_TASK DETAILS_
Set the listing down unchanged, minus every embedded image.

_DATASET EXTRACT_
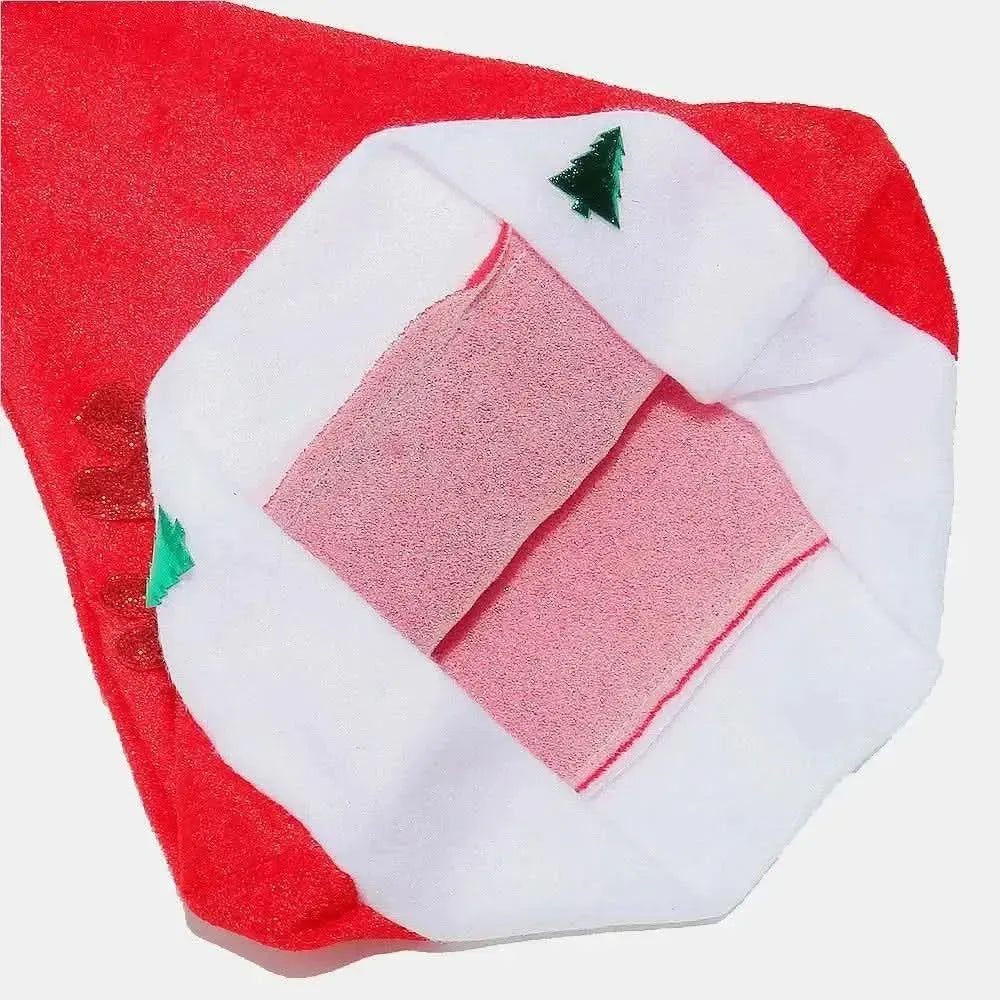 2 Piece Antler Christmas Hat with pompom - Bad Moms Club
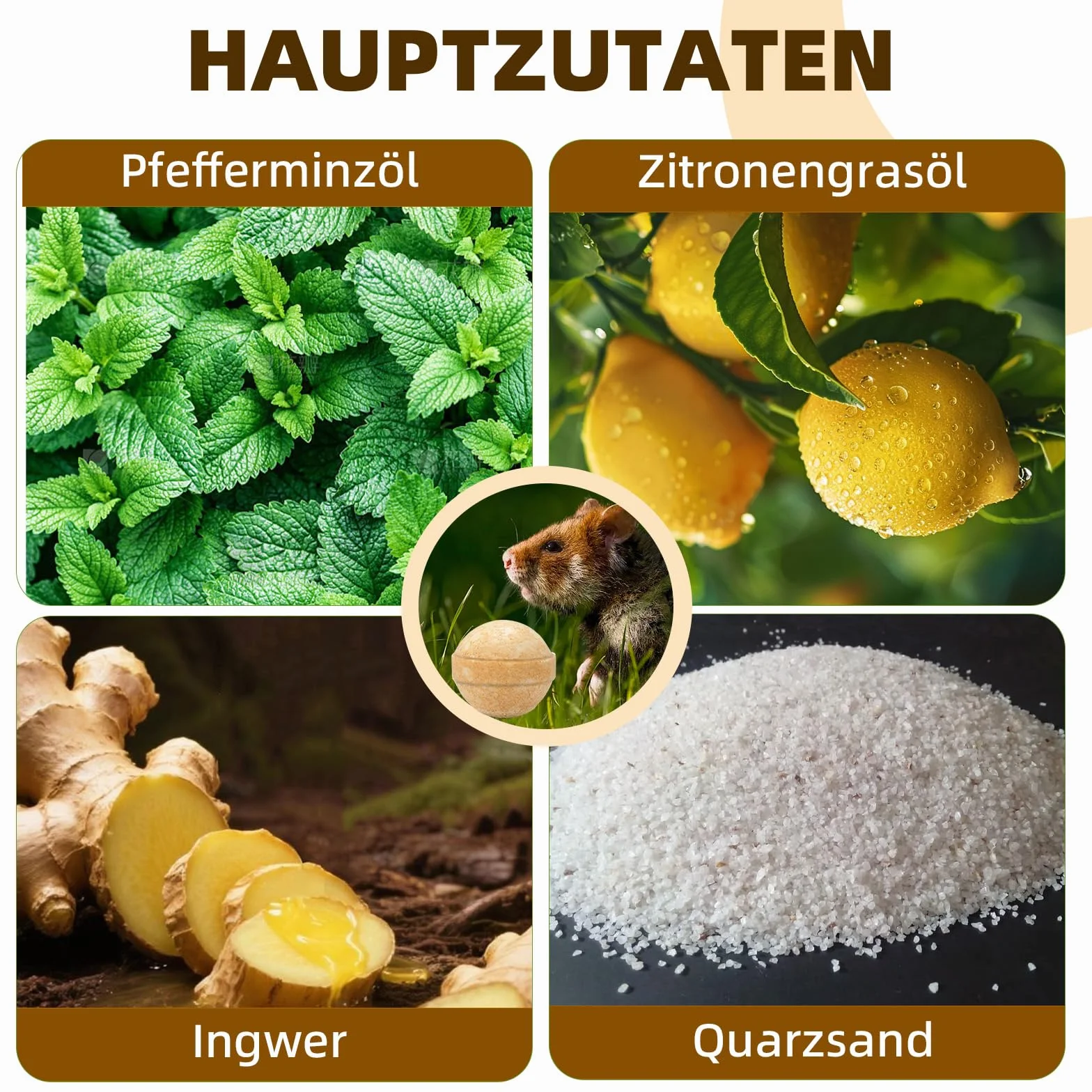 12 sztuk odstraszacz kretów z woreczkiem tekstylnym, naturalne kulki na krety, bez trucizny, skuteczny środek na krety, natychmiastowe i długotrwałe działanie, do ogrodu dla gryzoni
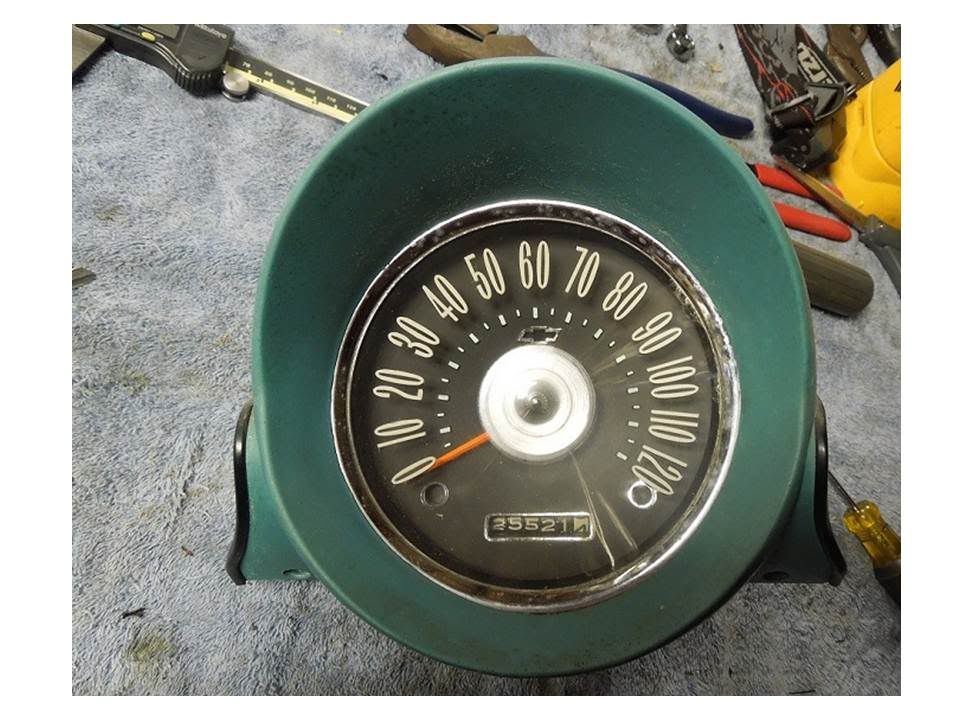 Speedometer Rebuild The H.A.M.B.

_ANSWER SPACE_
 2 Piece Antler Christmas Hat with pompom - Bad Moms Club
 12 sztuk odstraszacz kretów z woreczkiem tekstylnym, naturalne kulki na krety, bez trucizny, skuteczny środek na krety, natychmiastowe i długotrwałe działanie, do ogrodu dla gryzoni
 Speedometer Rebuild The H.A.M.B.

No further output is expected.